Para Theda, una de las ventajas de viajar por agua y no por aire no es el medio de transporte en sí ni los tiempos de traslado (un vuelo transatlántico dura aproximadamente 12 horas, cruzar en barco lleva tres semanas), sino la posibilidad de conocer a fondo la cultura del sitio al que uno llega: “Cuando pasas bastante tiempo en un mismo lugar, empiezas a conocer gente y te adaptas más a la cultura local. Porque vives en el país, pero estás en tu propia casa —aunque sea flotante— y tienes mucho más en común con ellos. Es muy distinto a llegar como un turista”.
Cuarenta mil millas náuticas (más de una vuelta al mundo) y 39 países después.
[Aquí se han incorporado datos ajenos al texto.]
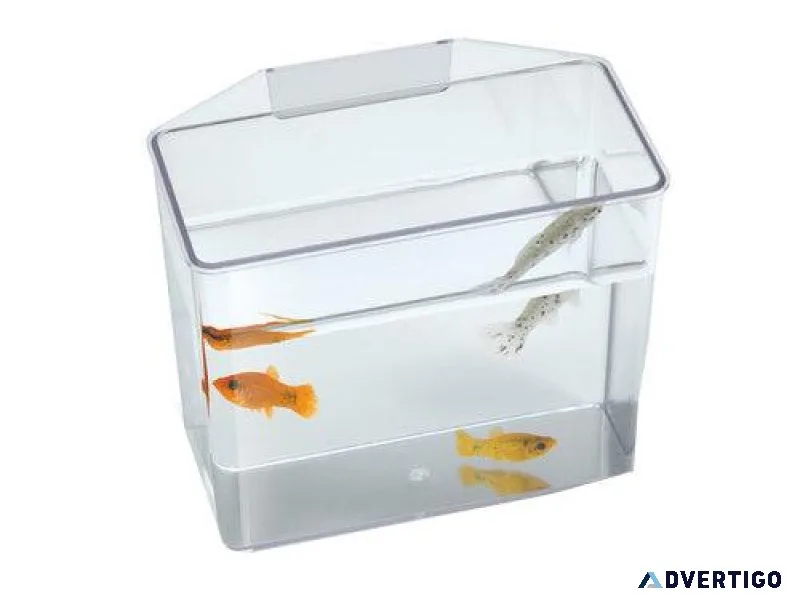 Aquariums for Sale  Explore a Variety of Fish Tanks  Peta2z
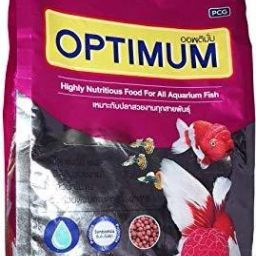 Optimum Nutritious Aquatic Fish Food Small Pellet Fish 0.5 kg Dry Young, Adult, Senior Fish Food-20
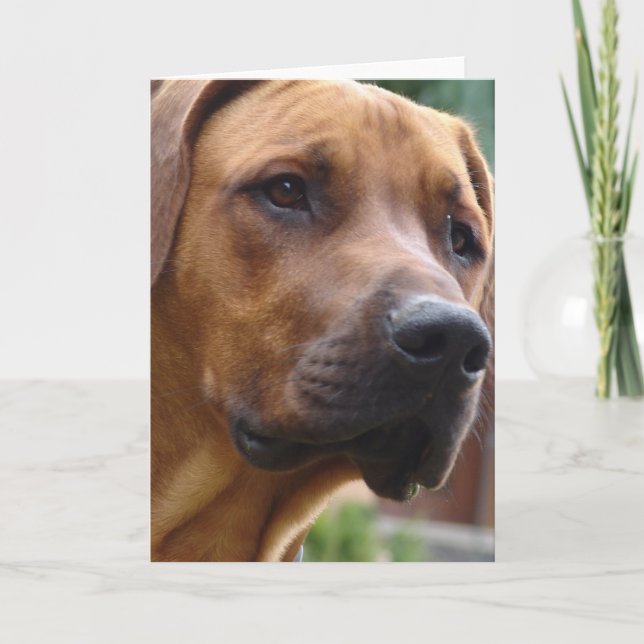 Cartão de Rhodesian Ridgeback (Frente)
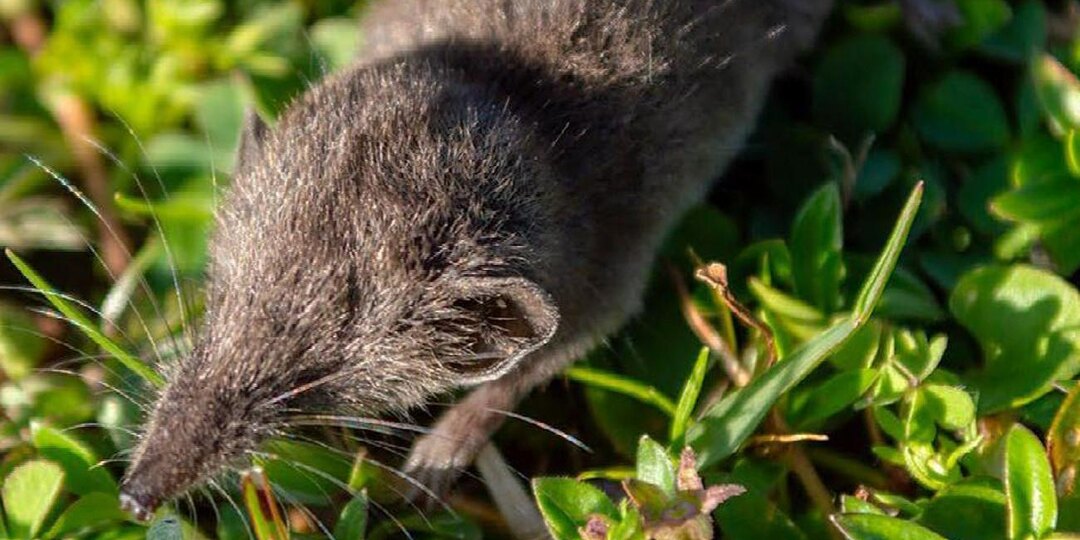 Биологи описали неизвестную ранее землеройку с телом длиной около 5 см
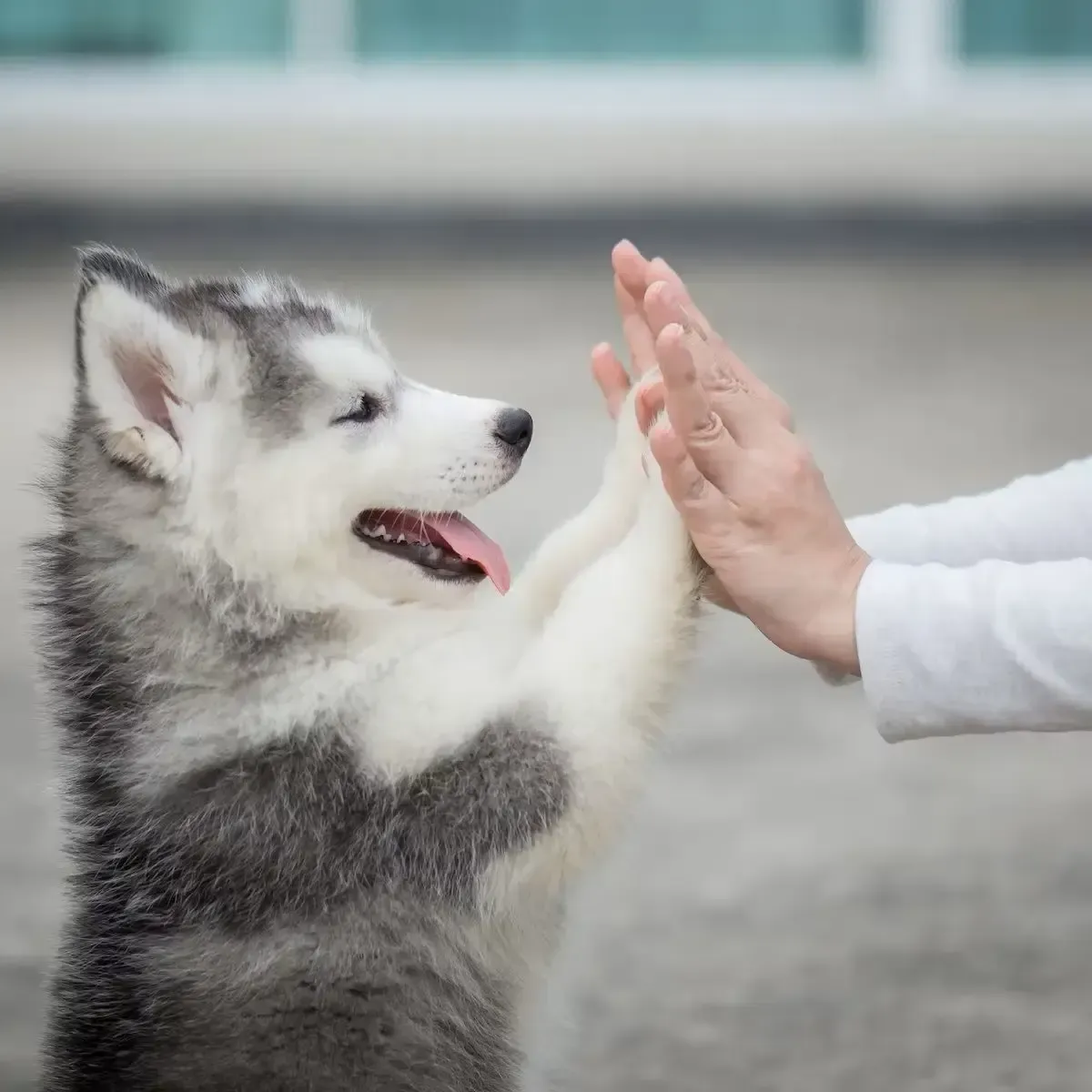 Building a relationship with your dog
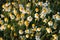 Background with chamomile flowers. Flower texture. Focusing on the central daisy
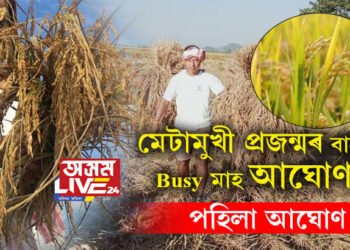প্ৰাপ্তিৰ মাহ আঘোণ, মেটামুখী প্ৰজন্মৰ বাবে Busy মাহ আঘোণ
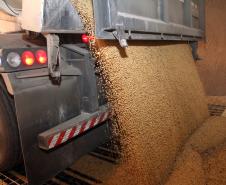 A missão formada por auditores do Serviço de Alimentos e Veterinária da entidade está conhecendo o sistema brasileiro de recebimento, classificação, armazenagem e exportação de matérias primas para uso na alimentação animal, em especial soja e milho. Com as impressões coletadas, o grupo vai produzir um relatório que será entregue ao Ministério da Agricultura.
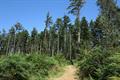 High Wood Photo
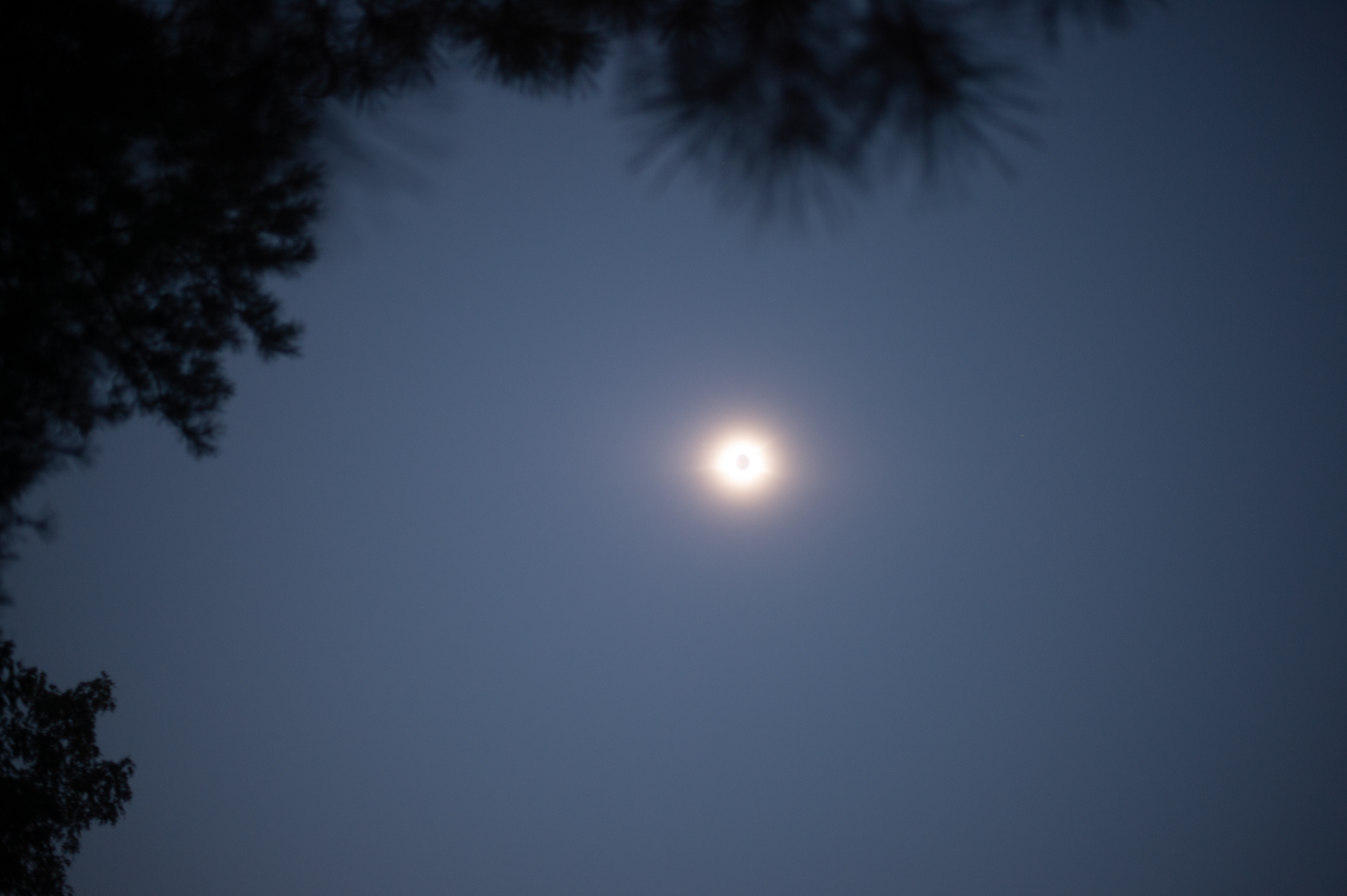 DSC_4048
La que alguna vez veía el mar desde la ventana de un décimo piso en la capital del Perú, ha criado a su único hijo en el océano, viajado a través de él, creado toda una vida en él: “Lo he visto por dentro cuando buceo entre peces, corales, tiburones, y me sigue maravillando. Sé cuando cambia de color según la hora del día, cuando está calmado y parece un espejo, cuando sopla el viento y se levantan las olas; me gusta el ritmo de las mismas cuando navegamos, como si fuera una música que nunca se detiene”.
¿Cuáles son los planes a futuro?, ¿seguir navegando? Sí, por ahora seguiremos viajando por la Polinesia Francesa, después quisiéramos ir a Nueva Zelanda y Australia.